The other side of this is that writing out data in that form would naively be
an iop per sample, as you're usually appending one sample to 100s of time
series in one request.

A significant part of monitoring TSDB design is buffering up samples and
batching writes in order reduce that iop rate to something sane.

For example in the right circumstances the 1.x Prometheus design can ingest
250k samples/s on a hard disk which provides ~100 iops/s.

------
iksaif
You may also want to check
[https://github.com/criteo/biggraphite/wiki/BigGraphite-
Annou...](https://github.com/criteo/biggraphite/wiki/BigGraphite-Announcement)
which is also about how to write a TSDB from Scatch but with different goals.

------
ah-
Exciting times in database land!
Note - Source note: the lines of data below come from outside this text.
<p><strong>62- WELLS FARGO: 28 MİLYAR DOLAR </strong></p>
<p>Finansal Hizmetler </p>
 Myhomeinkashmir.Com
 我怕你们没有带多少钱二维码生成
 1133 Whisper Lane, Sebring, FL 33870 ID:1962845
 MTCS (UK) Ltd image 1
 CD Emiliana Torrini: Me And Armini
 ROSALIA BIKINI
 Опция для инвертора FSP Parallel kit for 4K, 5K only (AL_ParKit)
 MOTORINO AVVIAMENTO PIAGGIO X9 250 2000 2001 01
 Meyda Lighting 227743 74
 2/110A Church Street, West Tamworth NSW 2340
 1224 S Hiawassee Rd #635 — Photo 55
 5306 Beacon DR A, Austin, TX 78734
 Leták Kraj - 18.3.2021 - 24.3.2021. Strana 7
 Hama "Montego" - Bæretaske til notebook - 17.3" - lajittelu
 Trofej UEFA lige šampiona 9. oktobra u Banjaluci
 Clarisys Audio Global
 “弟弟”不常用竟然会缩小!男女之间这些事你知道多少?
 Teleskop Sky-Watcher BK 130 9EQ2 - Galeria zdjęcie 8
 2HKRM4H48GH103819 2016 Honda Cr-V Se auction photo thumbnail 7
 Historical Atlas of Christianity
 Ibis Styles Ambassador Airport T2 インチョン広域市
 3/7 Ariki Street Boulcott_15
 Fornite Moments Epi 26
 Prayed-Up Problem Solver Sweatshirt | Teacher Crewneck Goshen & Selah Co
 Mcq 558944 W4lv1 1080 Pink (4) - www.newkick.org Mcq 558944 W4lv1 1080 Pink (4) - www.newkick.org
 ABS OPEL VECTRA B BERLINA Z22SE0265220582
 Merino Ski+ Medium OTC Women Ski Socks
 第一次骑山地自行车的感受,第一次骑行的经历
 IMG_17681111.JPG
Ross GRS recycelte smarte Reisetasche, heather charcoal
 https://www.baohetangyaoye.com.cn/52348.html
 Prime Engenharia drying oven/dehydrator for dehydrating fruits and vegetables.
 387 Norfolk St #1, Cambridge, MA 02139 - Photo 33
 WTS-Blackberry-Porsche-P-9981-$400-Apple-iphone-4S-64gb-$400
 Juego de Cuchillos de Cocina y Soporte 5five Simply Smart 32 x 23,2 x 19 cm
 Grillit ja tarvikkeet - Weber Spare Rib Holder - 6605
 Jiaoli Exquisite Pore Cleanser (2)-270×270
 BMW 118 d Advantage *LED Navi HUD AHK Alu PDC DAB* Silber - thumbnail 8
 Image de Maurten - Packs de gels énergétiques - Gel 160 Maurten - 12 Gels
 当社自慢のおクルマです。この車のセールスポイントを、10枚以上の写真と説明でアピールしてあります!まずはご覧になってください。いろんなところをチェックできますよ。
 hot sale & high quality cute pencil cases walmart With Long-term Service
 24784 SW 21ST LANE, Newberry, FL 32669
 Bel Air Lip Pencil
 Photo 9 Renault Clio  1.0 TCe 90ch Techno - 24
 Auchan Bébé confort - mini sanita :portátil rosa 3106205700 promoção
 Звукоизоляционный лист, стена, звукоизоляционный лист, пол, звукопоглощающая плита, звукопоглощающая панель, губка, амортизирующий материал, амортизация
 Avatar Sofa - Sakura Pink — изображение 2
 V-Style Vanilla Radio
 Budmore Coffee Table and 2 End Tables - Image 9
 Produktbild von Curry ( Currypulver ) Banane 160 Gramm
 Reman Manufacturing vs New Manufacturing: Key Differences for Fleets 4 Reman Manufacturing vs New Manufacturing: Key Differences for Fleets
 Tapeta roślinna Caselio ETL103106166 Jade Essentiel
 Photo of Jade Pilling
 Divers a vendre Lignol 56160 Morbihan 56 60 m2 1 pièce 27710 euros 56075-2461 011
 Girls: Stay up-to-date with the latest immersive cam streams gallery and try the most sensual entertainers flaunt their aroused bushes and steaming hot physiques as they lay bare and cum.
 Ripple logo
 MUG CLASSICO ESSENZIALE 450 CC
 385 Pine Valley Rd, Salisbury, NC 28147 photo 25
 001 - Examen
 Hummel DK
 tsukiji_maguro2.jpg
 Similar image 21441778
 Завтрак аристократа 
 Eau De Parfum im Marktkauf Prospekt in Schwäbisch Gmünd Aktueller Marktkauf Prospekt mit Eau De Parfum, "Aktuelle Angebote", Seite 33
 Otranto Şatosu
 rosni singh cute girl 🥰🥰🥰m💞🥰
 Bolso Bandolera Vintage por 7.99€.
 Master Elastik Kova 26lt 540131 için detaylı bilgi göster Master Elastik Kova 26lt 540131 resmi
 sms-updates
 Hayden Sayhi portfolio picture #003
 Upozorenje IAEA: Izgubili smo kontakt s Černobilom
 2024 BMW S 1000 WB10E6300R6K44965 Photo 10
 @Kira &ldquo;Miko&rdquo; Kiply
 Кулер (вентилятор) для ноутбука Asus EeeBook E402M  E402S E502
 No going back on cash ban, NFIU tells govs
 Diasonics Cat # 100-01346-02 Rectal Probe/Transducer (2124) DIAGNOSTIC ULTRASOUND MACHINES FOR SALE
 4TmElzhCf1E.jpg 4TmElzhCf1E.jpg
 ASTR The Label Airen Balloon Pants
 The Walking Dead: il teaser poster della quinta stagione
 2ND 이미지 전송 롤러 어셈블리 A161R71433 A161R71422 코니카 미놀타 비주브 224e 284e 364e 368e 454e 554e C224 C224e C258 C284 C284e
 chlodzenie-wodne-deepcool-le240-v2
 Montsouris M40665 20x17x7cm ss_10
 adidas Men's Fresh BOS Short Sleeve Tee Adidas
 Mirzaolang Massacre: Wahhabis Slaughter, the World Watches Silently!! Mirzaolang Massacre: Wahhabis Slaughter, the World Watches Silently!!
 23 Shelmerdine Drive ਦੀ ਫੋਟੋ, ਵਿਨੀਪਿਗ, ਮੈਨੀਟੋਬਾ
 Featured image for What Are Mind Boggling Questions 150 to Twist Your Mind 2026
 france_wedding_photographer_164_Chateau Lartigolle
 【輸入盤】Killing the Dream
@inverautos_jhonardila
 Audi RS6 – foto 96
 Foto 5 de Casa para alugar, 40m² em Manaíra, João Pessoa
It certainly seems like the good systems are
converging on very similar storage architectures. This design is so similar to
how Kafka and Kudu work internally.

As the raw storage seems pretty optimal now, I suspect next we'll see a
comeback of indices for more precise queries to get another jump in
performance.

------
nicolaslem
The description of this new storage engine does not explain how it manages the
durability of the data.

When you compare with the extreme efforts traditional databases take to ensure
that unplugging a server will never ever result in data loss[0], silencing
this problem makes me wonder.

Is it that at this ingest rate even trying to ensure durability is a vain
effort?

[0]
[https://www.sqlite.org/atomiccommit.html](https://www.sqlite.org/atomiccommit.html)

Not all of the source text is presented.